After a couple showstoppers delayed migration to the .NET 4.6 runtime I was finally comfortable with moving to the C#6/VB14 compilers until I came across a critical issue with iterator functions in VB.NET throwing away local variables.
The following code example will throw a null reference exception on the commented line when compiled in release mode (optimized) in Visual Studio 2015 / msbuild.
Module Module1
Sub Main()
For Each o As Integer In GetAllStuff()
Console.WriteLine(o.ToString())
Next
Console.ReadKey()
End Sub
Private Iterator Function GetAllStuff() As IEnumerable(Of Integer)
Dim map As Dictionary(Of String, String) = New Dictionary(Of String, String)
Dim tasks As New List(Of Integer)
tasks.Add(1)
For Each task As Integer In tasks
Yield task
Next
'The value of map becomes null here under the new VB14 compiler in Release on .NET 4.6'
For Each s As String In map.Values
Yield 100
Next
End Function
End Module
So, that's pretty frightening.
Notably the C# equivalent of this code executes without issue. More importantly, this works (and has worked) under previous versions of the VB compiler. Comparing the MSIL between the state machine created by the two different compilers, the new compiler appears to be using .locals for local variable storage nearly exclusively while the old compiler was using mutable fields on the state machine for saving off local values.
Am I missing something? I was not able to find any documentation of a breaking change with iterators in VB (nor can I imagine that would be the case), but also have not found anyone else having hit this issue.
This particular example can be worked around by moving the construction of map
to after the first foreach loop, however my concern is that I do not have any sense of the true flavor of this issue. I'm not interested in modifying code to "just make it work." Where else in our extensive codebase might I run into an issue a same vein? I have submitted the issue on Connect but that often feels like a black hole.
UPDATE
Someone just reported the same issue with the async state machine on the Roslyn GitHub page: https://github.com/dotnet/roslyn/issues/9001
Hopefully this starts to get a little attention.
First of all, thanks for bringing some attention to the issue I raised with the Roslyn team.

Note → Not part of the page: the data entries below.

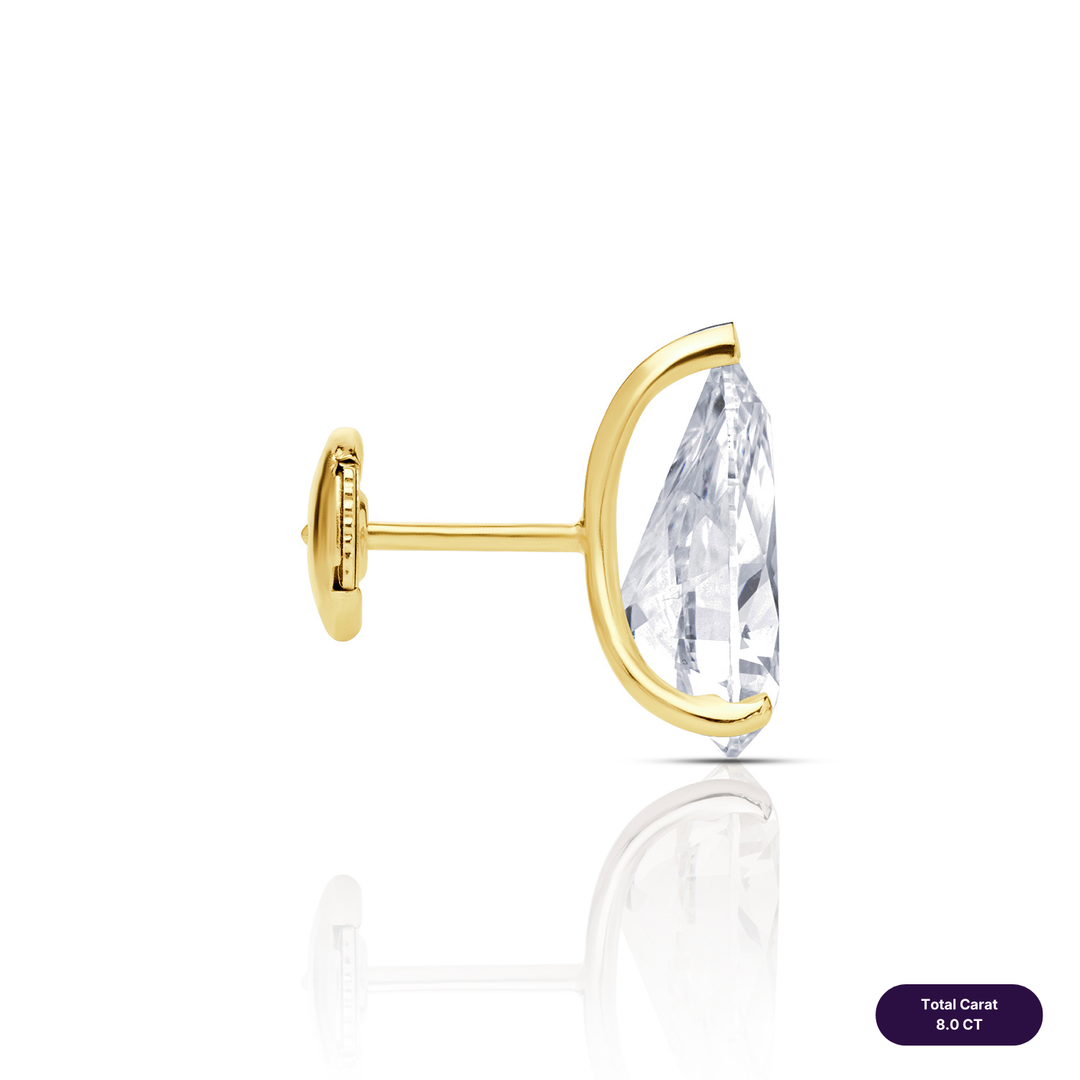 Solitaire Stud Lab Diamond Earrings Pear
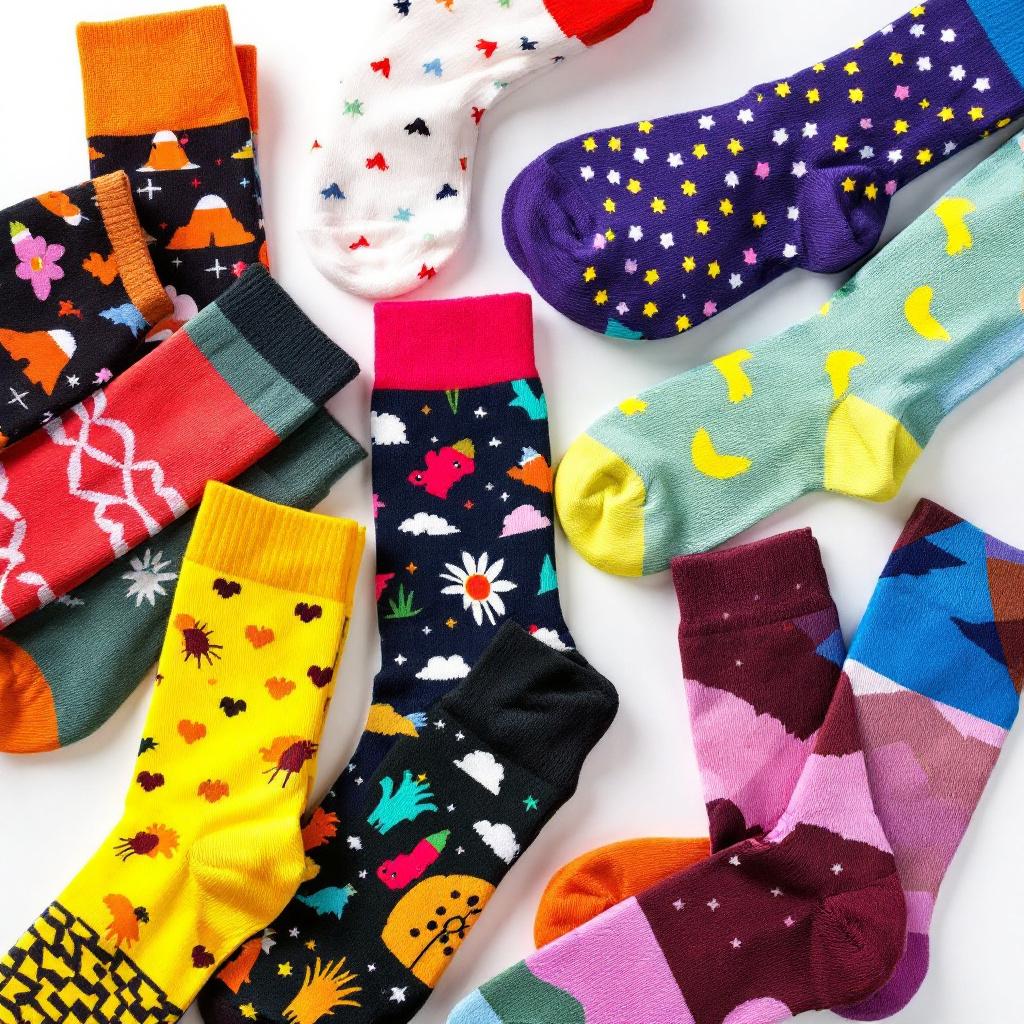 A collection of colorful patterned socks arranged in a flat lay.
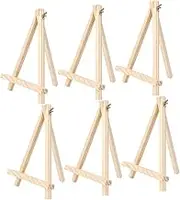 HOMSFOU 6pcs Boys and Girls Wooden Art Easel Small Triangle Frame Easel Photo Frame Bracket Photo Painting Display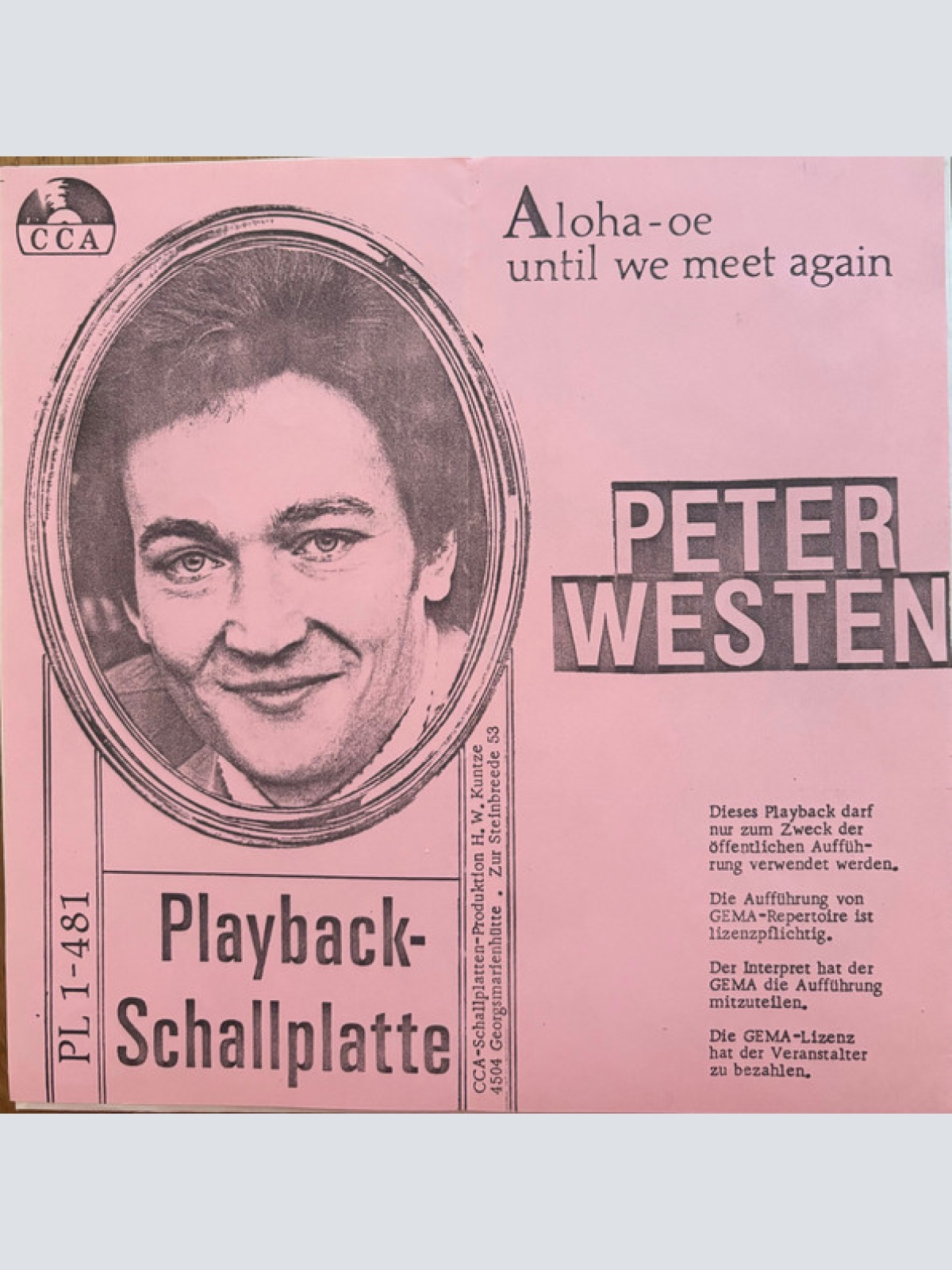 Vinyl / Peter Westen (2) - Aloha-Oe, Until We Meet Again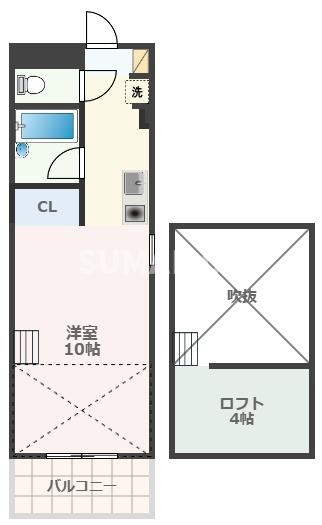 熊本市南区十禅寺２丁目の賃貸マンションの間取り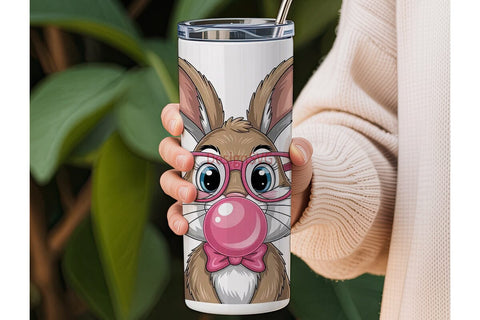 Cute Bunny Bubblegum 20oz Tumbler Sublimation DesignSVG 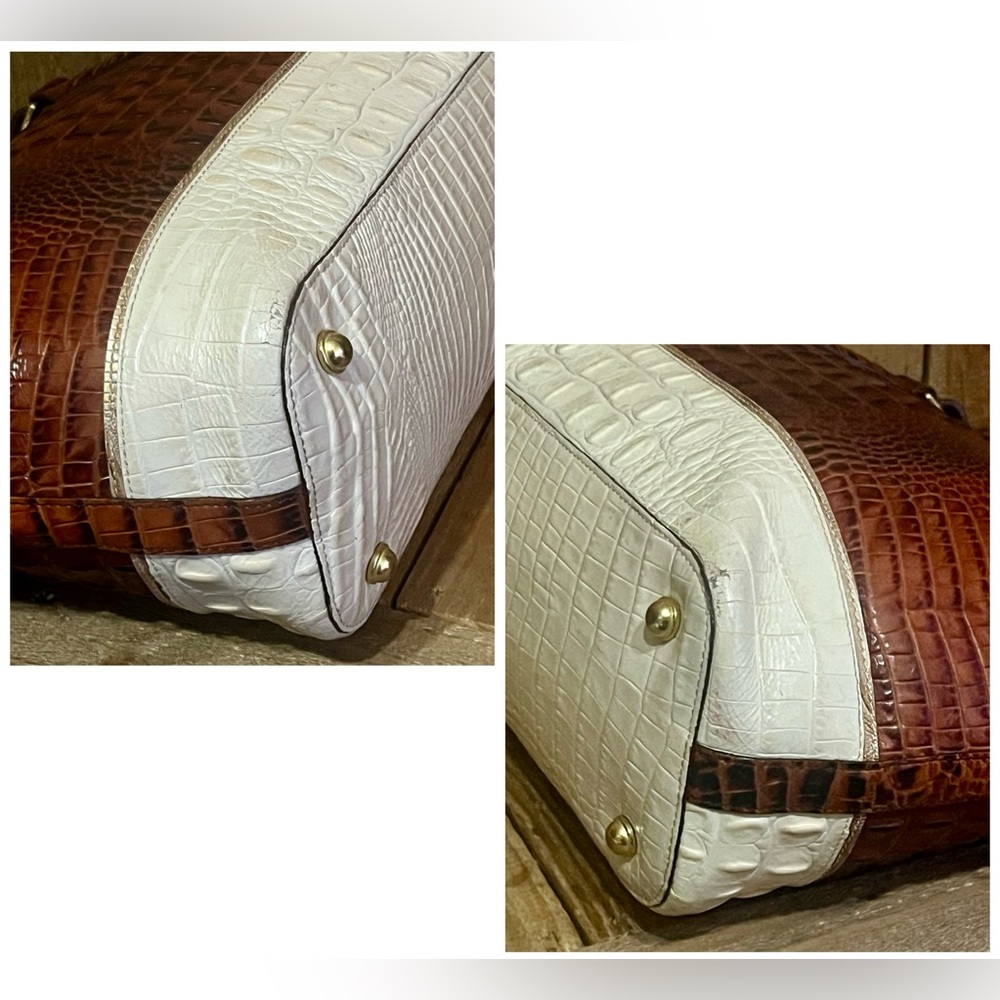 Brahmin. 4 Piece: Asher Croc Embossed Tote & Free Wallet, Dust Bag and Scarf. - Picture 15 of 16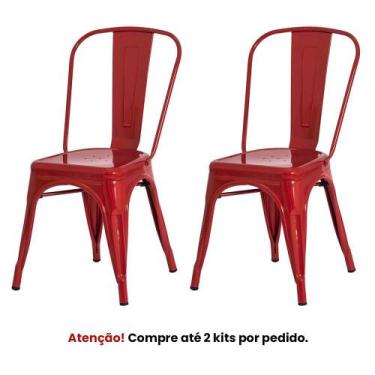 Imagem de Kit 2 Cadeiras Tolix Iron Design Vermelha Aço Industrial Sal - Waw Des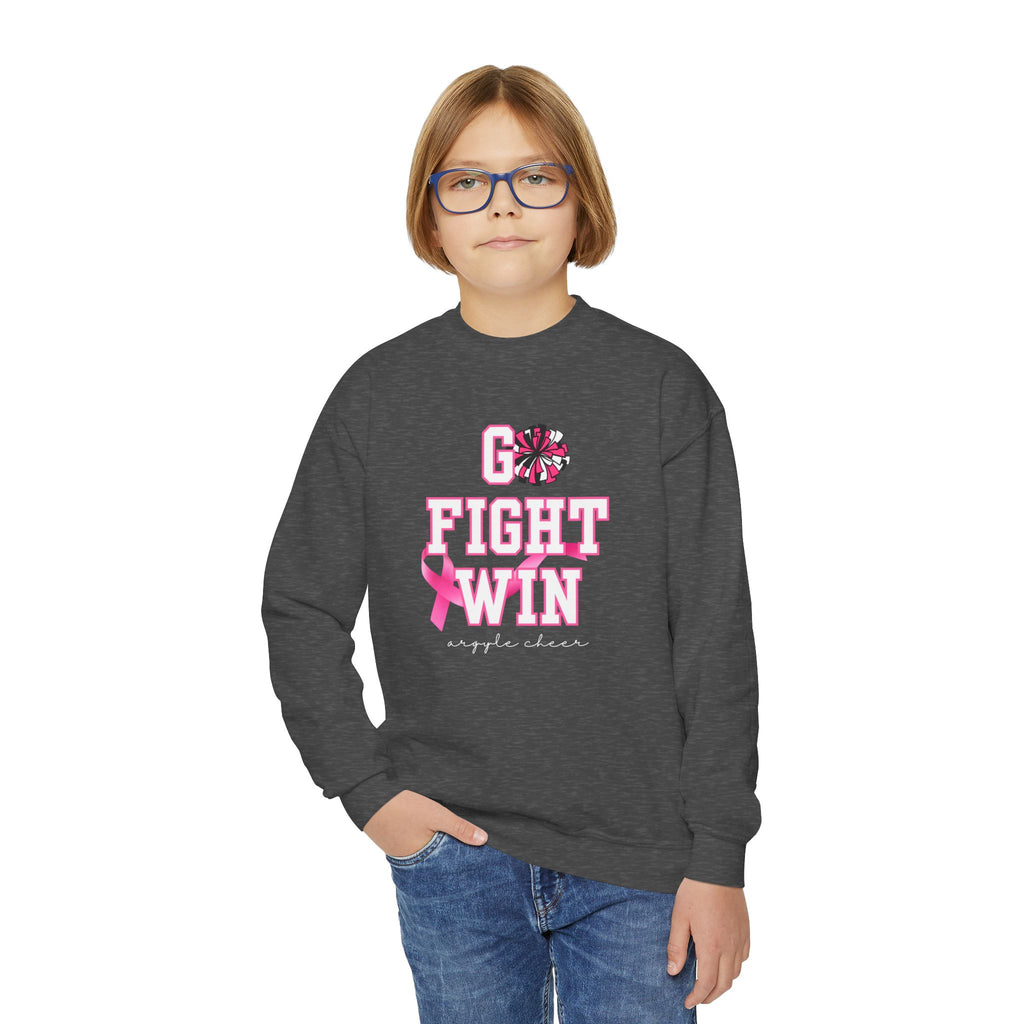 Custom Youth Crewneck Sweatshirt | "Go Fight Win" Pink Ribbon Breast Cancer Awareness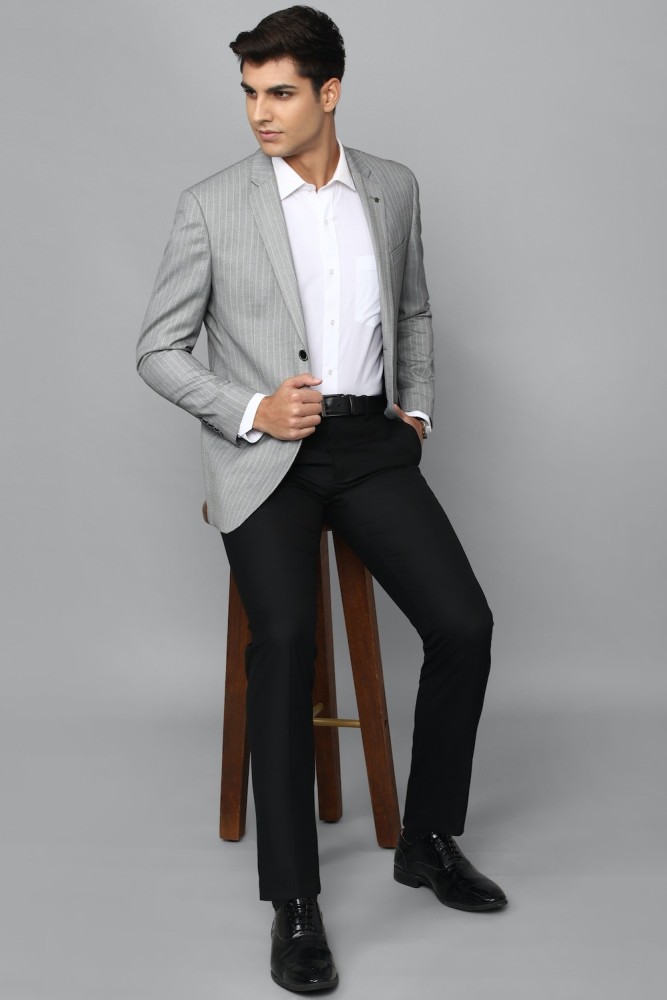 Louis Philippe Men's Notch Lapel Slim fit Permapress Blazer  (LPBZMSLH148927_Grey_40) : : Fashion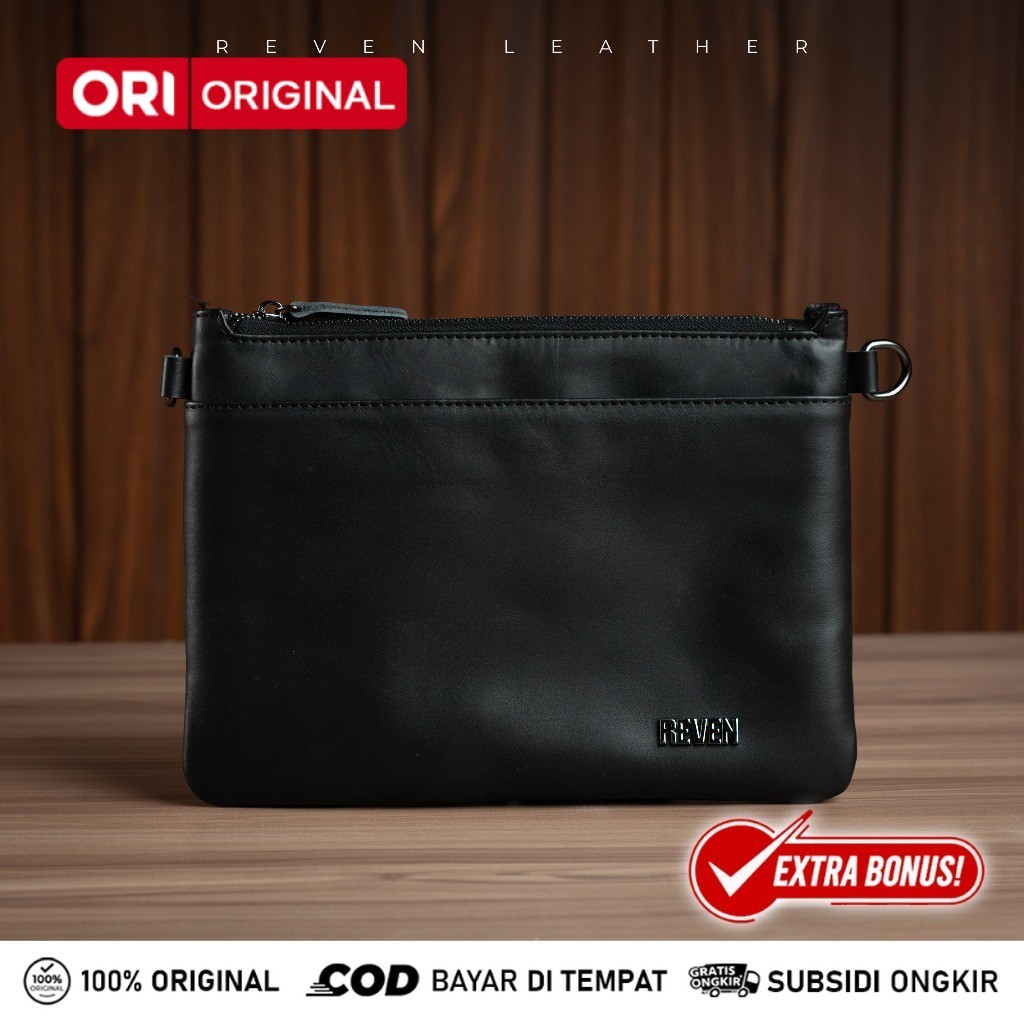 Reven Leather Adam Handbag - Tas Selempang Tangan Clutch Pria Kulit Sapi Asli Free Random Gift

I have pulled the latest Roslyn source from https://github.com/dotnet/roslyn (master branch), and added an extra unit test to the BasicCompilerEmitTest project which looks like this:
Imports Microsoft.CodeAnalysis.VisualBasic.UnitTests
Public Class KirillsTests
Inherits BasicTestBase
<Fact>
Public Sub IteratorVariableCaptureTest()
Dim source =
<compilation name="Iterators">
<file name="a.vb">
Imports System
Imports System.Collections.Generic
Module Module1
Sub Main()
For Each o As Integer In GetAllStuff()
Console.WriteLine(o.ToString())
Next
Console.WriteLine("done")
End Sub
Private Iterator Function GetAllStuff() As IEnumerable(Of Integer)
Dim map As Dictionary(Of String, String) = New Dictionary(Of String, String)
Dim tasks As New List(Of Integer)
tasks.Add(1)
For Each task As Integer In tasks
Yield task
Next
'The value of map becomes null here under the new VB14 compiler in Release on .NET 4.6'
For Each s As String In map.Values
Yield 100
Next
End Function
End Module
</file>
</compilation>
Dim expectedOutput = <![CDATA[1
done]]>
Dim compilation = CompilationUtils.CreateCompilationWithReferences(source, references:=LatestVbReferences, options:=TestOptions.DebugExe)
CompileAndVerify(compilation, expectedOutput:=expectedOutput)
CompileAndVerify(compilation.WithOptions(TestOptions.ReleaseExe), expectedOutput:=expectedOutput)
End Sub
End Class
This may look like a convoluted mess due to XElement
and XCData
usage, but this is the format used by other Roslyn unit tests.
I only made one alteration to the code you posted in your question - that is replacing Console.ReadKey()
with Console.WriteLine("done")
so that I could track successful completion (as CompileAndVerify
simply ignores exceptions).
The above test passes. There is no NullReferenceException
on map.Values
access, and the output is:
1 done
... as expected. It would, therefore, appear that your bug has been fixed - although whether or not the fix will be shipped with Visual Studio 2015 Update 2, I cannot tell.
The async variable capture issue was fixed by pull request #7693, but DataFlowPass.SetSlotUnassigned
has been rewritten since (split into 2 methods and modified) so I cannot confirm whether the iterator problem you discovered was fixed by that specific pull request, or by some other code change.